He doesn't force people to watch. 

I don't watch all his videos as there is too many and he does grate a bit but I know exactly what I am in for when I do. 

Mark pretends that everything is the funniest thing in the world and he always has to been seen to be having amazing 'bantz'.  Tbf to him, he treats everyone the same. His buddies and Lee so you can't accuse him of treating Lee any differently. In this case, Lee is the performing monkey and mark is trying to extract as much as he can for his own gain. That is a big part of his job.
		
Click to expand...

Pretty much....


----------



## Lord Tyrion (Nov 3, 2015)

JV24601 said:



			Agree with most of that too Lord. They make you feel special up there and the little touches are very well done.

Rockliffe is much the same and will continue to get better and better over the years.
		
Click to expand...


I'm hoping to play Rockcliffe next year as your comments mirror what I have heard. Probably off the yellows mind as I hear it is a long old haul.

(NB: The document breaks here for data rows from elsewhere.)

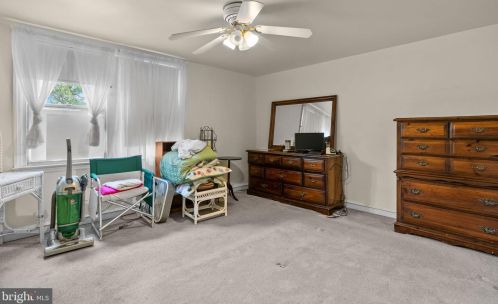 6037 Loretto Ave, Philadelphia PA 19149-3211 exterior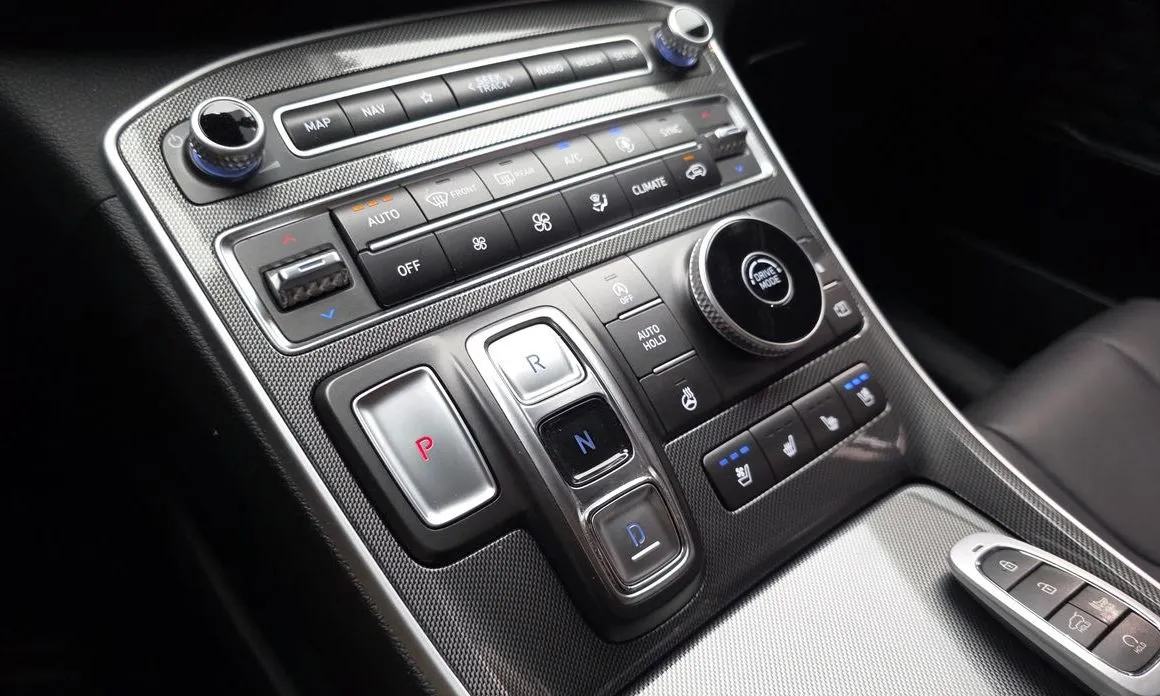 Hyundai Santafe — фото 7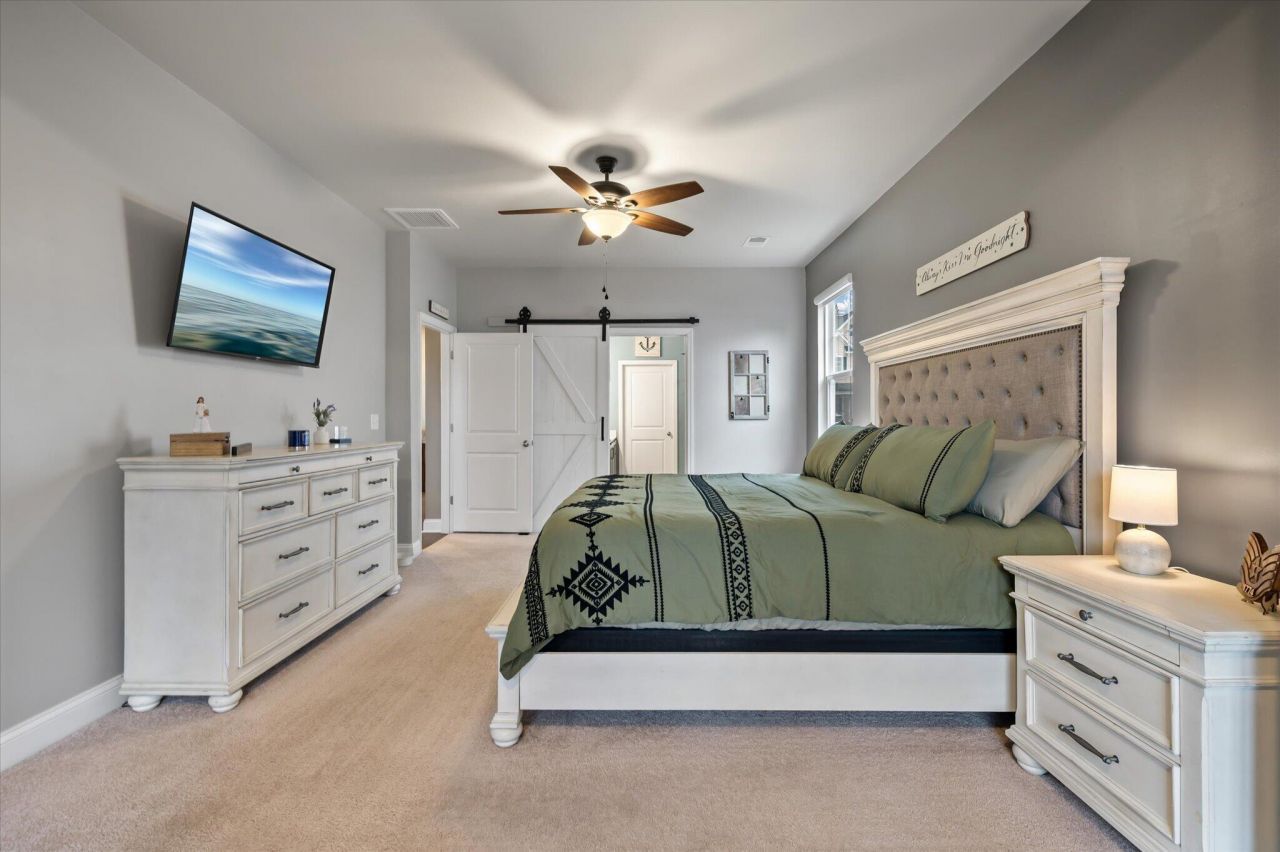 511 Kilarney Road Photo 22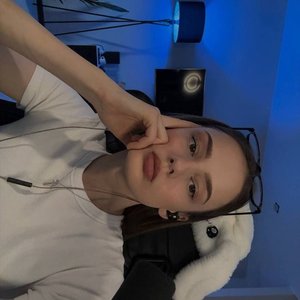 Голая Cutierover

One other thing to add to the MC debate. My 15yr old watches MC videos and thinks he is great. Multiply that across the Youtube medium. MC is tapping into a new generation of golfers in a way that they like. Not in newspaper or magazine articles but on social media in a way people like to view it. Sponsors, and so tournament directors love this new media and MC is right at the top in this field in golf. He wont care about old duffers moaning about him, they are not his market, nor the sponsors. He is a very smart cookie, whether by intention or not.


----------



## GB72 (Nov 3, 2015)

May be opening the debate too much but I do now have a concern as to where a number of youtube 'stars' now stand in relation to reviewing gear. Time was that they were everyday golf pros posting what appeared to be honest gear reviews that often when contrary to the cagey, nothing is bad these days view of the established print media. 

From what I see now they have become a part of the establishment themselves now with free gear sent to review, invites to events, invites to launches and the reviews seem to reflect this. What was once a great alternative to establishment golf media views that could be given with no rellliance on the continued support of manufacturers seems to have disappeared and that is a pity.


----------



## JV24601 (Nov 3, 2015)

Lord Tyrion said:



			I'm hoping to play Rockcliffe next year as your comments mirror what I have heard. Probably off the yellows mind as I hear it is a long old haul.

One other thing to add to the MC debate. My 15yr old watches MC videos and thinks he is great. Multiply that across the Youtube medium. MC is tapping into a new generation of golfers in a way that they like. Not in newspaper or magazine articles but on social media in a way people like to view it. Sponsors, and so tournament directors love this new media and MC is right at the top in this field in golf. He wont care about old duffers moaning about him, they are not his market, nor the sponsors. He is a very smart cookie, whether by intention or not.
		
Click to expand...

I'm not an old duffer - I am 28 and he's not tapping into me!  
I understand what you say though and I must add that I was mightily impressed by his game. Very nice swing and effortless. No messing about either (golf swing only!). 

As for Rockliffe, if you're not a big hitter then most certainly play off the yellows as you're right, it's a long course. 
I always want to play the longest course I can for some reason, despite not classing myself as a big hitter, but I've learnt that if I'm playing well then it doesn't matter what the distance is, I can still score. So it's a test against myself. 

I really like Rockliffe and would consider being a member if I lived closer. For what it currently lacks, it more than makes up for it in overall quality (tee boxes, fairways, greens, just general upkeep of the place). It's always in great condition and still on its own right up there with the best at present. 
In 15 years time with a few hundred more trees and definition, it will be simply superb. 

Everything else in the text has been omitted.